Thursday, January 24, 2013

The Safest Car Possible Provides No Safety

Let's design the safest car on the market. Not just a 5 star safety rating safe, but the absolute safest.  Our goal will be to prevent a death from ever happening with this car. We'll fight vehemently for every safety control and block any feature that doesn't provide the highest degree of safety. After all, we know how to design safety controls for nearly every potential risk.

What kind of car would we get? Well, it certainly would be the safest. But it probably also wouldn't move past 20 mph since high speeds create risk. The doors would have foam on the edges since people often hit themselves when opening it. Don't even think about windows that roll down, people often loose limbs by hanging their arms out into the fresh air. But, fear not this would be the safest car around and experts will applaud its extreme safety.
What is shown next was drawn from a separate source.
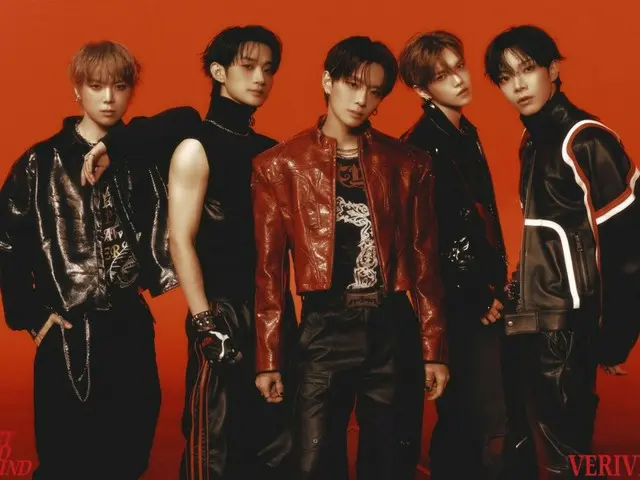 "VERIVERY" chấm dứt quãng thời gian gián đoạn 2 năm 7 tháng để giành vị trí đầu bảng.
Now that we have a safe car let's ask ourselves this question, are drivers actually safer? No, because no one will buy the car. It may be safe, but the car can't compete in terms of expected features and normal usability. Since no one is using the car, the level of safety of drivers remains unchanged. They all still use the same cars designed by competitors with varying degrees of safety.


In order to be disruptive in a particular market on safety you have to first ensure you car is competitive on all other fronts. Only then can you focus efforts on excelling on safety. In addition, design decisions that unilaterally prioritize safety over basic and expected use cases and features must be rethought.

Is this to say that safety must be deprioritized in order to build a competitive car? Absolutely not. In fact, safety can be used as an amazing differentiator.  Get the best and brightest safety engineers and approach safety in new ways. You could very well build a car that can do amazing things while still being safe. Tackle new crazy features that drivers would love to have in their car but no one else can figure out how to design safely. Combine tried and true safety knowledge with new and creative approaches to safety that pass comprehensive testing.  This is how you can win on safety and build a car that will protect drivers - because they actually want to buy it.


Don't build a car that no one buys. You aren't protecting anyone.